Какие травки зимой? Абрикосовым компотом я сыт до подбородка, но на рог гляжу с подозрением.

– А вода откуда?

Как подумаю, что в речке плавает, так пот прошибает!

– Из водопада, – моргает Эй, – но я её вскипятила.

– В углях? – удивляюсь я.

– В кастрюле, – она указывает на каминную полку.

По-моему, это ночной горшок, и даже наверняка. Но раз она вскипятила… Я стараюсь сдержаться, но закашливаюсь. Нет, всё-таки придётся пить, она же старалась! Я делаю глоток, не выдерживаю и начинаю давиться смехом.

– Тьфу на тебя, мог бы притвориться! – возмущается Эйка. – Как найду соль, насыплю тебе пол стакана!

– Если пересолишь, я стану несъедобный, – нечеловеческим усилием воли я беру себя в руки и озираю кровать, на которой нет свободного места. – Ответь лучше, для чего это всё?

Эйка настороженно следит за моим взглядом и заметно мрачнеет.

– Сказала же – от скуки.

– И это от скуки? – я пропускаю сквозь пальцы вышитых серебром птиц.

– Мне опять не идёт?

– Беда, как идёт.

Пока я с жадностью допиваю горьковатую воду, Эй бесшумно расчёсывает волосы коготками. То ли размышляет о своём, то ли так смотрит.

– Ты говорил, что в замке перезимуешь, – произносит она, наконец, – а потом?

– Зима только началась, успеем определиться, – бросаю я опрометчиво.

– Домой ты возвращаться не хочешь, – рассуждает она. – Стало быть, задумал думал. Почему не расскажешь?

– Потому что это глупые бредни, – я кручу в руках опустевший рог, решая говорить или нет. – Ну, хорошо. Я бы отправился дальше на юг. Там могли остаться корабли, если верить Уркису. Это тот старик, которого я видел у оборотней.

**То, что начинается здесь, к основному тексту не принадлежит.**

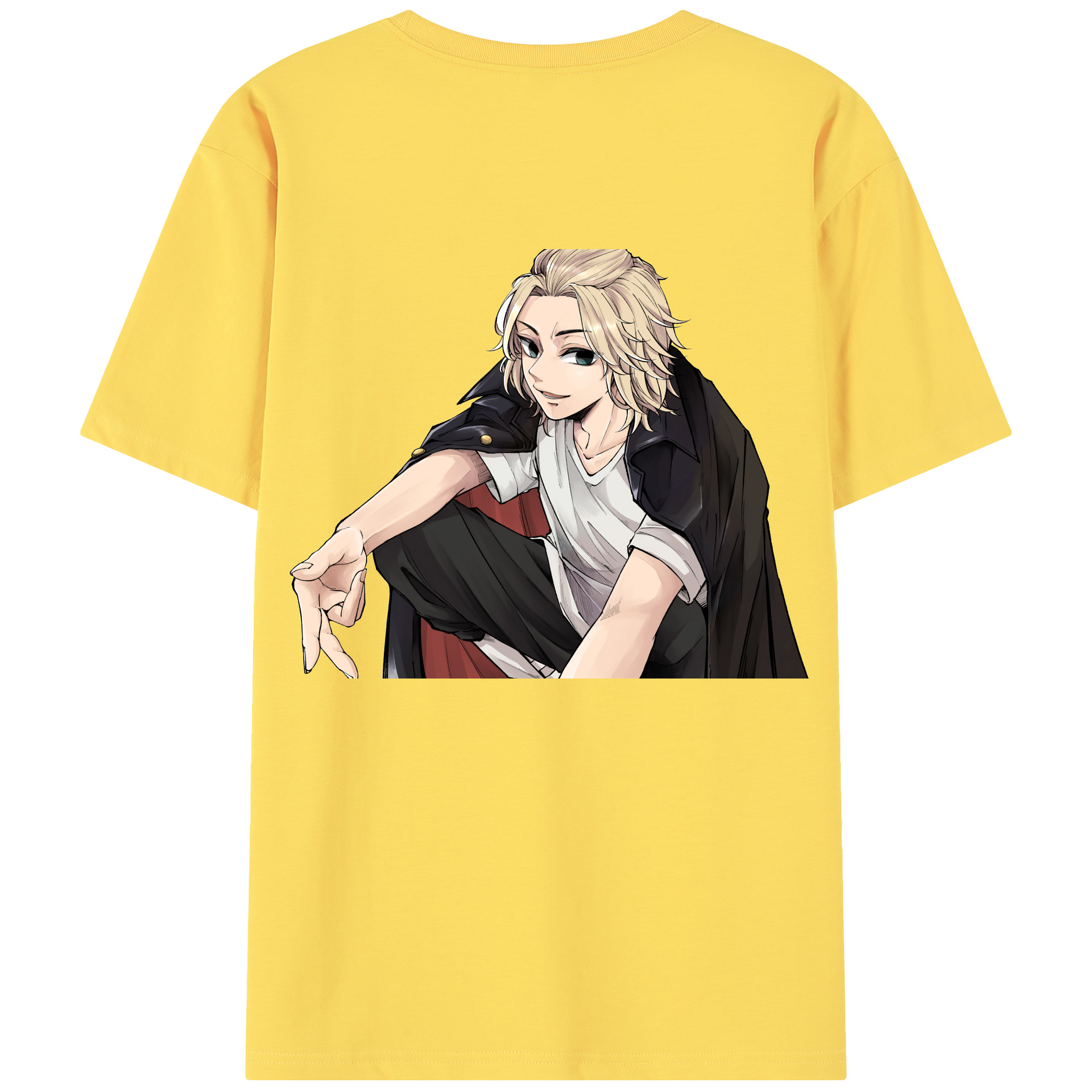 （画像用） 東京リベンジャーズ Tokyo Revengers 綿100％半袖Tシャツ（背面プリント）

Не то чтобы слишком видел. Но про корабли он точно говорил. Эйка рассеянно наматывает волосы на палец и тянет за прядь. Это должно быть больно, но она даже не морщится.

– Если бы у нас с тобой не сложилось, я бы так и поступил, – поясняю я осторожно, – но зря ты боишься, что я заскучаю и сбегу. Я тебе Перо буду оставлять, идёт? Без Пера смешно убегать.

– Я хочу, чтобы ты меня с собой взял, – медленно произносит Эй.

Я не могу сдержать улыбку:

– То есть ты уже оделась? Ладно, сейчас поужинаю и двинемся. Только сапоги подошью!

– Нет, – встряхивает она волосами, – ты прав, зиму лучше здесь переждать. И от меня сейчас мало пользы. Узнаем побольше, соберёмся с силами и отправимся.

– Ты это всерьёз? ― не могу я поверить.

– А что удивительного? – осведомляется Эй, притянув к себе стопку карт.

– Да всё удивительно, ты даже на маяк не хотела возвращаться!

Она хмурится, копаясь в нарисованных морях и землях.

– Это другое. Вернись я на маяк, получилось бы, что мы ничего не поменяли. Какой тогда смысл ноги топтать?

Жаль её разочаровывать, но…

– Эй, повтори, только попроще. Ты хочешь уплыть с острова, и тебе нужна помощь? – пытаюсь я разобраться.

Эйка бессильно роняет руки на колени.

– Мне ты нужен, – объясняет она, сминая в пальцах лазурный шёлк, – а выходит, я тебя не только на цепи держу, но и запираю. Не хочешь – не плыви. Или меня не бери с собой. Просто скажи, что решишь.